VMware vSAN has had a profound impact on the design, operation, and optimization of the modern data center. The shift to hyper-converged infrastructures (HCI) not only changes how data centers are designed, it naturally shifts importance from the discrete elements that make up the architecture. By eliminating a shared storage device found in traditional three-tier architectures, it converges the responsibilities onto the hosts, and the fabric that connects them. This means that storage I/O traffic that once moved across an isolated fabric to a storage array, now runs on IP networks to the other hosts.
Conventional wisdom implies that reliable connectivity is important. Yet, though lost in this truism is just how important a fast and reliable network really is. After all, TCP/IP was built to accommodate the potential for unreliable delivery of data. While it does a good job, there is often little understanding of the level of impact that both transient and persistent conditions in a network create that impede performance. An occasional dropped packet may not be noticed while perusing the internet, but with HCI, the impact can be significant, as HCI relies on the inter-host connectivity to deliver storage I/O in a consistent, and timely manner.

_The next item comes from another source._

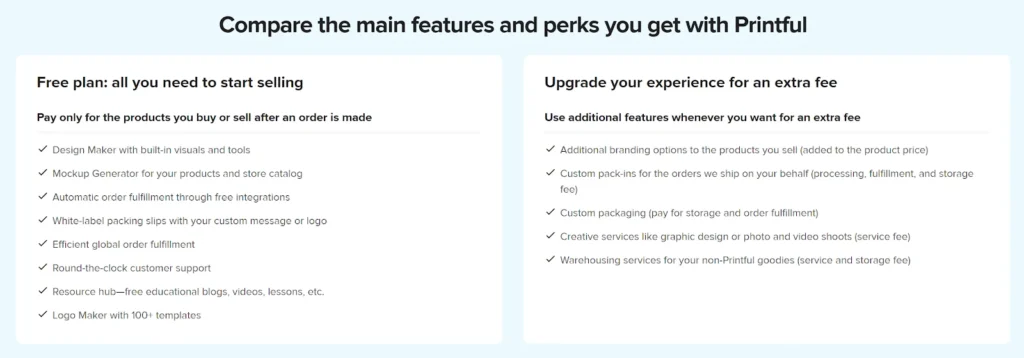 The different pricing plans on Printful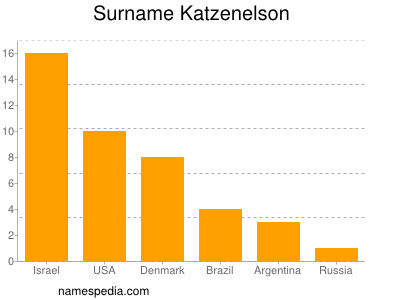 Familiennamen Katzenelson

Illustrating the impact of packet loss and latency against IOPS
Let's look at this in more detail. The following two illustrations came from data provided by Andreas Scherr, a Sr. Solutions Architect at VMware, who presented on this topic with Cormac Hogan at VMworld in Las Vegas last year.
As shown in Figure 1, we see with just a 1% packet loss, there is a 10% degradation in write I/Os per sceond (IOPS). With a 2% packet loss, IOPS are reduced by 32%. The dramatic fall-off doesn't stop there, with a 77% reduction in IOPS occurring with a 5% packet loss. When the network experiences a 10% packet loss, IOPS dropped by more than 92%.
Figure 1. Impact of Network Packet Loss on IOPS
The performance impact illustrated in Figure 1 is quite consistent with any type of traffic using a connection-oriented protocol, running over a network connection suffering packet loss. This type of packet loss can happen for many reasons. There could be issues with the host NIC devices and drivers, network cabling, network connectors, or the switches. Depending on the cause of the issue, this behavior may surface only as the demand increases on the environment. No matter what the cause, the effect is still the same; retransmissions, and the dramatic reduction in performance.
In Figure 2, we see that introducing latency into an environment has a much more predictable and linear impact on the effective number of IOPS that can be delivered. When the latency is 5 milliseconds (ms), IOPS are reduced by 30%. When latency is increased to 10ms, IOPS are reduced by 50%.
Figure 2. Impact of latency on IOPS
Latency can occur anywhere in the stack. The latency observed by a VM is the sum of all latency introduced by various resources, as an I/O traverses through the stack. Packet loss and latency can have a compounding effect on each other. An environment suffering from various levels of packet loss will suffer more when subject to higher latencies that occur anywhere in the stack.
Using vSAN to identify packet loss and latency
Thankfully, VMware vSAN provides great visibility to better understand packet loss and latency. Since vSAN is integrated directly into the hypervisor, it measures the right data, from the right location, and in the right way. The performance service found in vSAN goes into detail on several critical metrics. Its ability to identify discrete elements of a system is how it provides granular detail on things like resynchronization traffic.
The vSAN performance service has always been able to measure latency at various levels. vSAN 6.6 extended visibility to tracking packet loss rates. As shown in Figure 3, packet loss can be identified based on a specific physical host adapter, and whether it occurred on inbound or outbound traffic.
Figure 3. Packet loss rate based on Physical adapters, as found in the vSAN Performance Service
Packet loss rates can also be identified on a VMkernel adapter, or an aggregate of VMkernel adapters, as shown in Figure 4. The latter can be helpful when vSAN traffic is configured to use more than one VMkernel per host.
Figure 4. Packet loss rate based on VMkernel adapters, as found in the vSAN Performance Service
The performance service allows a user can specify a window of time ranging from 1 hour to 24 hours, over the course of a 90-day period to track down and isolate particular events. Other tools like VMware vRealize Operations and vRealize Log Insight can also be used to augment and alert the administrators of defined conditions.
The need for fast, deterministic storage performance places an additional level of emphasis on the consistent, and reliable delivery of network traffic among hosts in an HCI environment. Use the vSAN performance service as your first step in gaining better visibility to an element of an infrastructure that is often overlooked – and underappreciated in its influence on performance.